Speaking to the New Straits Times recently, he said: “People of different ethnic groups and also various social standings gather at mamak stalls for meals.”
Shamsul Amri added that mamak restaurants were able to accommodate and incorporate different cultures under one roof and this has indirectly led and encouraged further social cohesion in the country.
“There are different things going on at a ‘mamak’ shop. You can see that they are able to serve various dishes that come from Malay, Indian and even Chinese cultures.
“It is also a place for Malaysians to gather and catch a game of football, which is of a totally different culture, since English, Spanish, Italian leagues football matches are also aired,” he said.
He further added the trait of social cohesion was strong at ‘mamak’ shops, making all Malaysians feel comfortable. It is considered as a place for all regardless of their race and religion.

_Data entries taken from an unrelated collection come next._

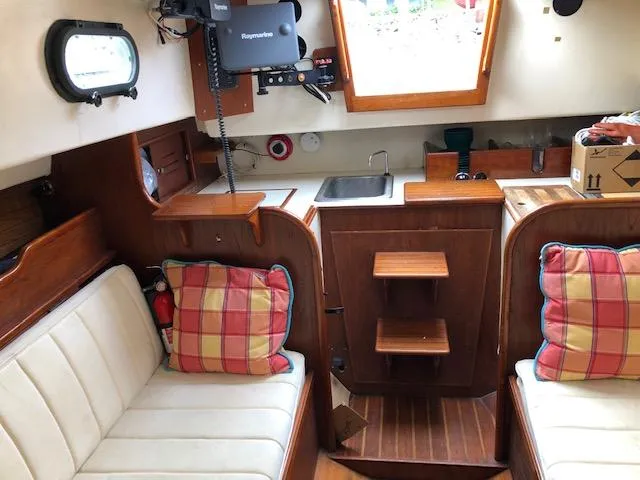 Slide: The Image of Interior of 1983 Cape Dory 28 sailboat with cozy seating and nautical decor. - 22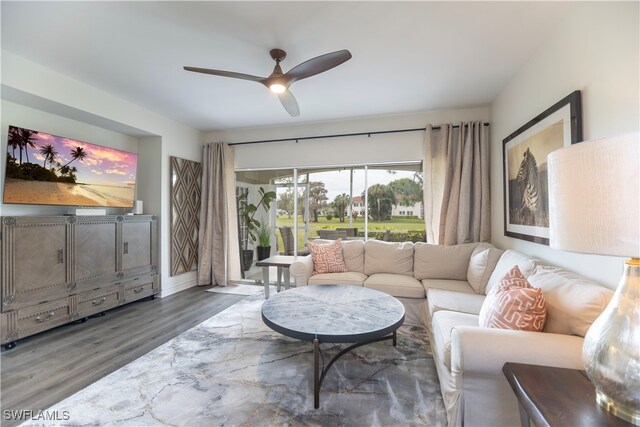 living room featuring ceiling fan and dark hardwood / wood-style floors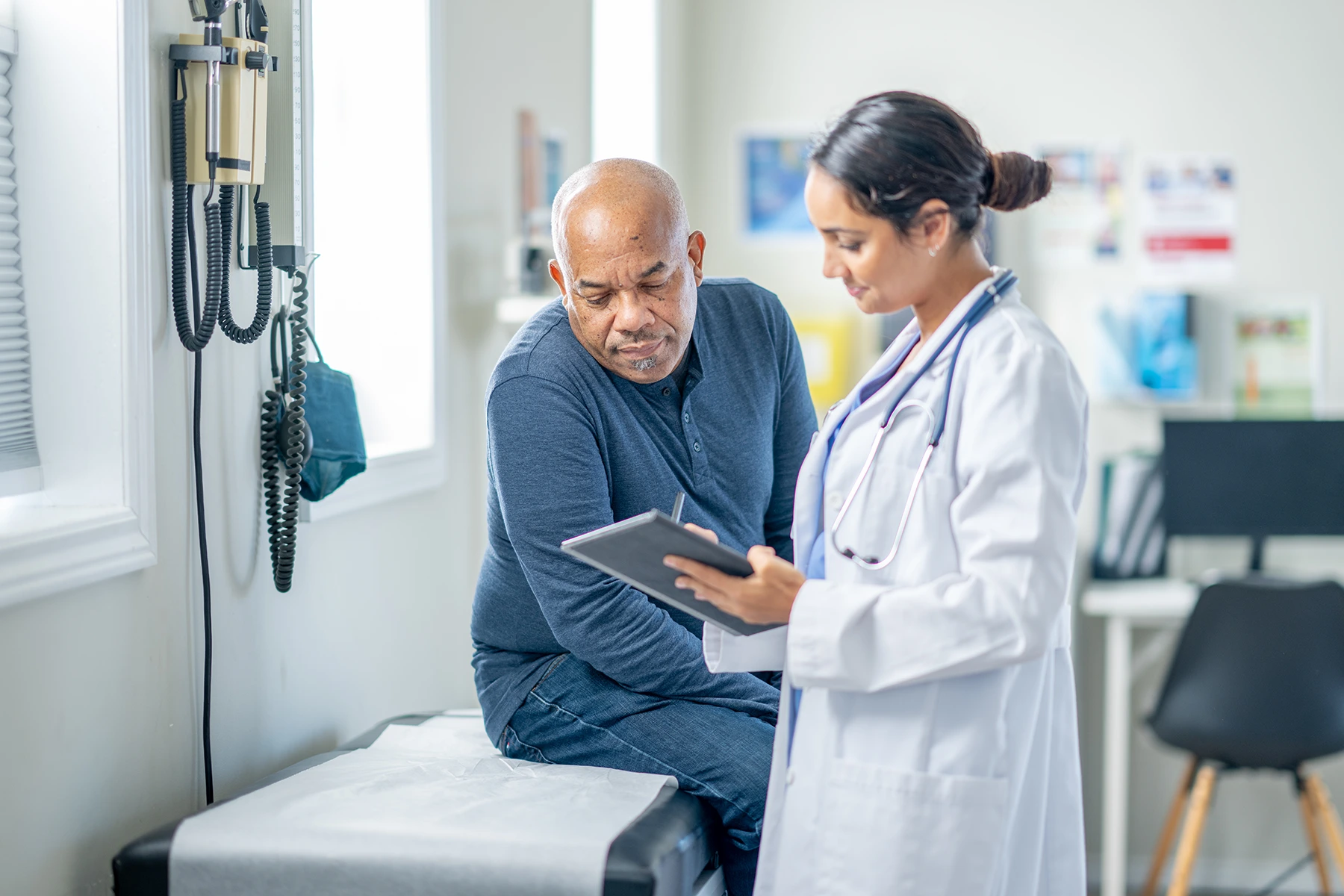 Doctor sits on patient bed while talking to doctor about his test results.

Based on lessons from the field, Shamsul Amri said the research also found empirical evidence of inclusivity as Malays, Chinese and Indians all crowded the food outlets.
“Not only that, we have also observed that workers use Tamil language to communicate, but they have also managed to adjust to their customer’s language, regardless if it is a mixture of Bahasa Melayu and English. It is a striking example of ethnic alignment which leads to social cohesion,” he added.

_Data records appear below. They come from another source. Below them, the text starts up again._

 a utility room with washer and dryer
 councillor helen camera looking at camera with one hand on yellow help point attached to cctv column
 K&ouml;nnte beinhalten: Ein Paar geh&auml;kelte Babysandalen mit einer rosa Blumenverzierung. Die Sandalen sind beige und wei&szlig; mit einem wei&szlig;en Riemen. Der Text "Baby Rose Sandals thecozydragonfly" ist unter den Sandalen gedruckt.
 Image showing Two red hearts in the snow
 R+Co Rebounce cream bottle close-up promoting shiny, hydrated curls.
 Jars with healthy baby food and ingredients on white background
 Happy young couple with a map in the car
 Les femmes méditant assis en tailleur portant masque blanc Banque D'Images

Shamsul Amri said the research had summarised that mamak shops play an active role in social innovation, especially on how people behave and interact which in the end creates social cohesion.
Asked what was the purpose of his research into finding the ‘mamak’ theory, Shamsul Amri said it was to show that Malaysians are innovative in solving ethnic problems, and it was not the sole responsibility of governments or politicians.

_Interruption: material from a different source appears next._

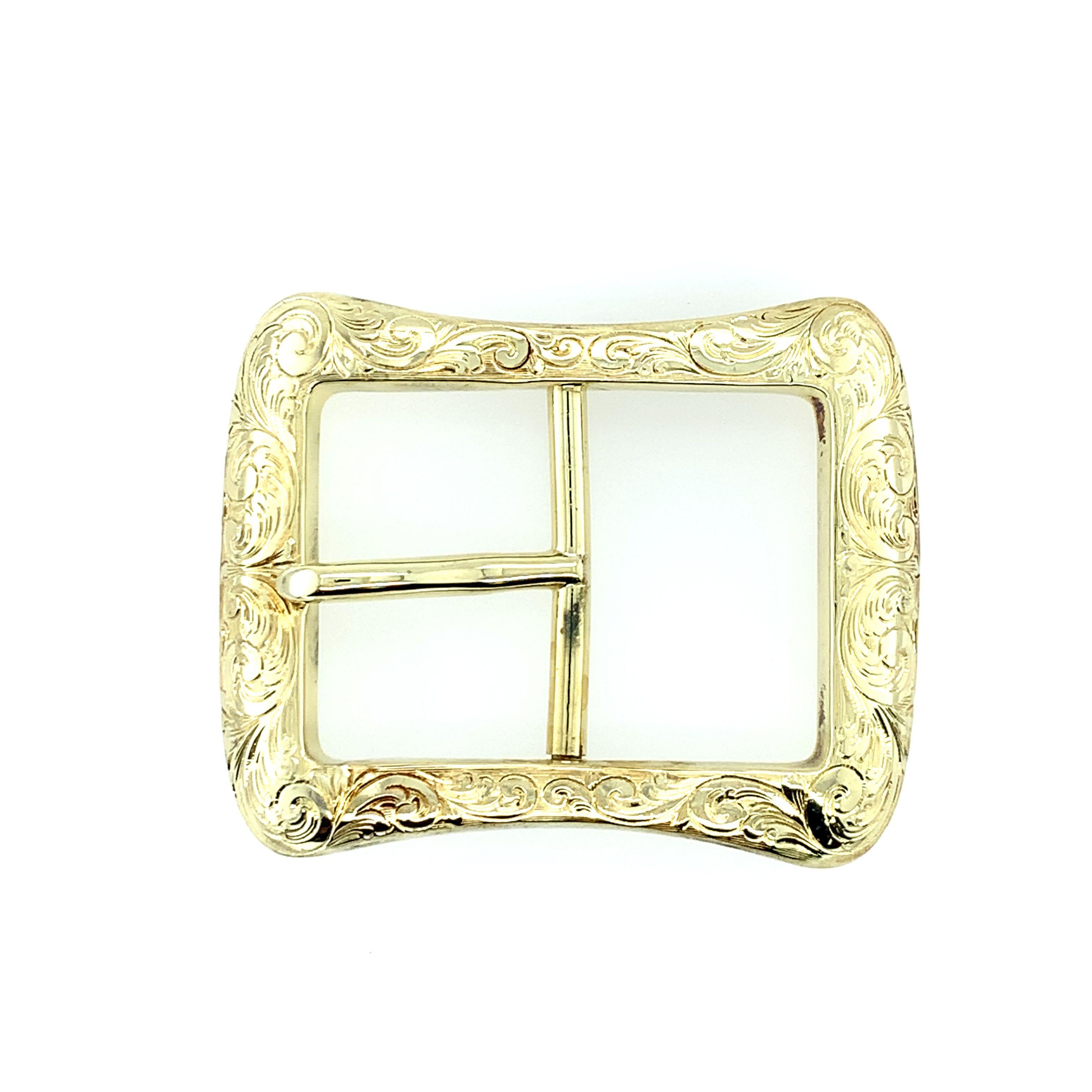 A heavy and solid rectangular-shaped belt buckle hand engraved from 14K yellow gold. Fine engraving details include a scroll pattern on the front while the back is high polished. The belt buckle measures 2
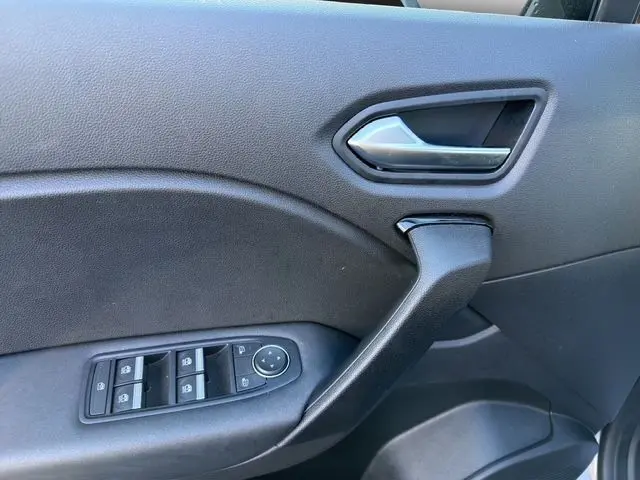Vue rapprochée de la porte avant gauche du Renault Captur gris Cassiopée avec commandes des vitres et poignée intérieure noire.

Shamsul Amri said this study could help the public to look at things from a different perspective, via the lens of social cohesion or symbolic interactionism.
He said it was impossible to stop negative news from circulating via social media platforms, but this ‘mamakization’ theory can show Malaysians how to focus on the good things that make the country wonderful.
“This study will expose the social cohesion in our country through a connector such as ‘mamak’ shops. It will also allow the public to see for themselves how they are creating an initiative through social innovation that fulfills social cohesion,” Shamsul Amri said.
The other more common Mamak then was the rojak-cendol phenomena, mostly found under the most tree shaded corner spots all over in Petaling Jaya.
In many places, Mamaks were offering mi-goreng from their pushcart for a small affordable price, even for boys coming from from rugby or hockey practice for the annual inter-school district and state level games.
We must admit we have not gone through the study yet. However, the anti-thesis to Shamsul’s opinion is the term Mamak do come with a negative connotation of overcharging, inconsistent of charge and short selling at an eatery.
Never the less, otherwise it is a typical eatery where the standard for service, price and value is almost expected.